Но он все же успеет закончить работу, кинется в раздевалку, торопливо снимет с себя спецовку, побежит по студеному цементному полу в душ, подставит лицо под холодные струи, будет хватать ртом, пить эту воду — хорошо, а после, одевшись во все чистое, легкое, поедет на трамвае до Свердловского тракта и там станет ловить попутную машину до озера.

Петр Алексеевич ехал верхом по пнистому березнячку. Лошаденка печально скашивала на него выпуклые карие глаза в крупных, влажных ресницах, не спеша, обстоятельно слизывала макушки цветов, сыто пофыркивала и снова брела, опустив голову, тихим шагом, словно искала по изгибистым, заросшим тропинкам свои следы.

Петру Алексеевичу минуло пятьдесят семь. Был он неширок в плечах и невысок ростом, тих и не особо говорлив на людях. Его серые, широко посаженные глаза смотрели на мир с трогательной заботой. Жил он с женой у мрачного в непогоду, заболоченного озерка в семи километрах от райцентра, в новом засыпном домишке с низкой, неуклюжей печью. Да и этот-то домишко ему помог поднять не сын и не зять, а совсем чужой человек, городской парень, который, охотясь прошлой осенью на зайца, озяб и забрел на огонек и лай собак в хлипкую землянку Петра Алексеевича.

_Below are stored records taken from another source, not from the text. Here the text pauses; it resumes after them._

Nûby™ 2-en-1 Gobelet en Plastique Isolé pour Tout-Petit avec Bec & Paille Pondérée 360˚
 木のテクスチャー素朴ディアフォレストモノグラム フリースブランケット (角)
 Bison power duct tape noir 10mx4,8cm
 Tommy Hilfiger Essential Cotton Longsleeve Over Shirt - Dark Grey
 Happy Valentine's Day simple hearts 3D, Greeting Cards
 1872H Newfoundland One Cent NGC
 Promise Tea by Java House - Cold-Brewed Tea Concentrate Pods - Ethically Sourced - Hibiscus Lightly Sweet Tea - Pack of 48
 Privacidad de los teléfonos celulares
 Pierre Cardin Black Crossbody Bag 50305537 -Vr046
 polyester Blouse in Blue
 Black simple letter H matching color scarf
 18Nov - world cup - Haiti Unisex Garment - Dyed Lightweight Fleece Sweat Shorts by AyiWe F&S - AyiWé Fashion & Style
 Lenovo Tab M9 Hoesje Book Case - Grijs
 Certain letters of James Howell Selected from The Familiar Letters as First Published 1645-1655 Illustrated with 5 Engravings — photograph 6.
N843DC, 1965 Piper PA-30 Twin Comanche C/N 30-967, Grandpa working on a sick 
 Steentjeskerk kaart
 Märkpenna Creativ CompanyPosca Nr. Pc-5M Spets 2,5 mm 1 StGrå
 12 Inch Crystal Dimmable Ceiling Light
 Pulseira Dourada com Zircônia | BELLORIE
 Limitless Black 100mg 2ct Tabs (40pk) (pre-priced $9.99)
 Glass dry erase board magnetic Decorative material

Пили чай, круто заваренный на сухой смородиновой ветке, вяло заводили разговор о том, кто откуда. Приглядывались друг к другу в тусклом свете керосиновой лампы. Парень заночевал на нарах, а утром, оглядев все хозяйство, искренне опечалился:

— Да разве ж так надо жить? Разведите скотину, огород, сад справьте.

И тогда, показав в робкой, виноватой улыбке два редких верхних зуба, Петр Алексеевич сказал:

— Стрелять еще могу. А терем мне не осилить. Да и зачем он?

— То есть, как зачем? — хмыкнул парень. — Жить! Вон жена, еще ж крепкая женщина. Верно я говорю, теть Оня?

Женщина смутилась и полезла в карман фуфайки за махоркой и клочком газеты — скрутить «козью ножку».

Она, высокая, суетливая, все еще смущаясь, быстро посмотрела на него острыми черными глазами, сказала:

— Да и я ему говорю: давай корову купим? А то все кошки, собаки… Хатенку справим… Че ж, все рукой машет…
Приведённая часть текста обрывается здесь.